1. Introduction

A toroidal dipole is produced by poloidal currents with a corresponding closed head-to-tail magnetic loop. It is an elementary electromagnetic source, and is usually overlooked in natural media because it arises against a background of much stronger electric and magnetic dipoles [1,2]. A few years ago, the dynamic toroidal dipole response was experimentally demonstrated using metamaterials in the microwave region [1]. It has subsequently been applied in different frequency regions by employing various nanostructures, including dielectric and metallic metamaterials [3–21]. The interference between the toroidal and electric dipoles can suppress the far-field radiation and create a nonradiative anapole mode [22–32], which was also first verified experimentally in the microwave range using metallic split-ring metamaterials [22]. Miroshnichenko et al. extended this concept to the visible region using dielectric nanoparticles in 2015 [23]. Owing to their pronounced confinement of energy, nanostructures supporting anapoles have shown great potential in applications such as harmonic generation [33], Raman scattering enhancement [34], nanolasers [35], and sensors [36].

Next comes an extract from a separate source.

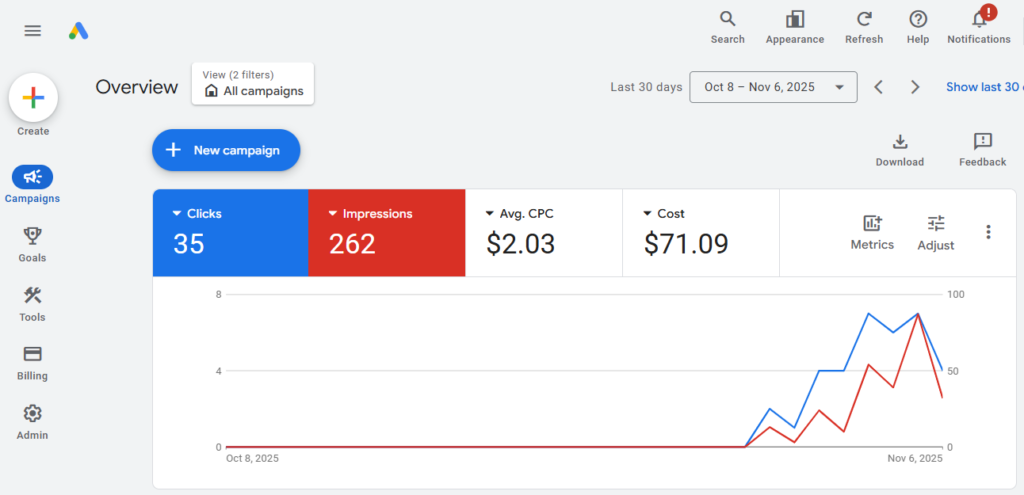 The Ultimate Guide to Using Online Ads for Hand Sanitizers 6 Online Ads for Hand Sanitizers6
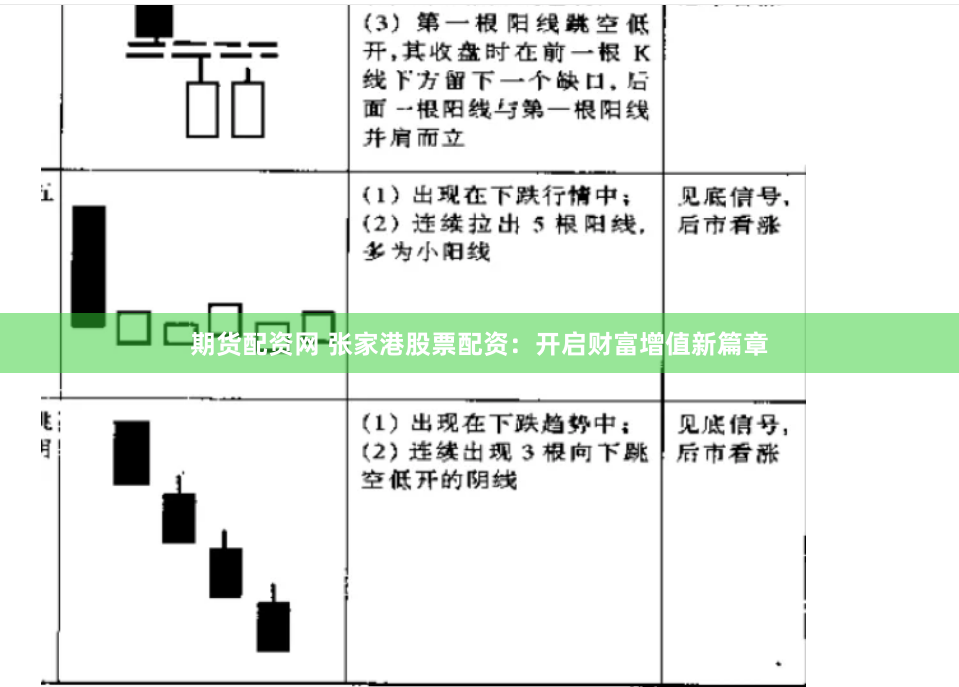 期货配资网 张家港股票配资：开启财富增值新篇章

Active metadevices play an increasingly important role in nanophotonics, as they open an entirely new area of applications. An efficient method of achieving tunable metadevices is to introduce phase changing materials such as ${{\rm Ge}_{2}{\rm Sb}_{2}{\rm Te}_{5}}$ (GST), ${\rm{VO}_2}$, or GeTe [37–39], which can offer flexible control of the optical properties when they transition between different crystalline states. Among them, GST has attracted widespread attention in recent years owing to its quick response, good stability, and significant refractive index contrast [37,40]. What makes GST a better candidate for active devices is that it has zero-static-power and requires no power to maintain its product, which enables a lot of applications such as thermal camouflage [41,42]. While other phase changing materials, such as ${\rm{VO}_{2}}$, need a constant power to maintain their states [43]. Considerable effort has been made recently to investigate active metasurfaces associated with GST [44–60]. For example, in 2016, Chu et al. theoretically studied the switchable electric dipole resonance of GST rods [45]; then Karvounis et al. experimentally realized a switching contrast ratio of up to 7 dB in a laser-induced GST metasurface [46]. Li et al. [47–50] and Cao et al. [52] also realized thermal emission switching in a series of metasurfaces based on GST in the past few years. Tian et al. recently realized broadband mode shifting between an electric dipole resonance and an anapole state, and obtained an optical switch with high extinction contrasts in structured GST [59]. However, these works focused only on the switching characteristic of resonant nanostructures. A more interesting phenomenon is that phase changing materials may significantly affect the multipole interference, thus affording flexible radiation manipulation. Very recently, Lepeshov et al. demonstrated the transitions between superscattering and nonradiative cloaking states arising from multipole interference in phase changing materials in different states [61]. However, further research on this topic is still necessary given the important role of actively tunable multipole interference in on-demand radiation manipulation.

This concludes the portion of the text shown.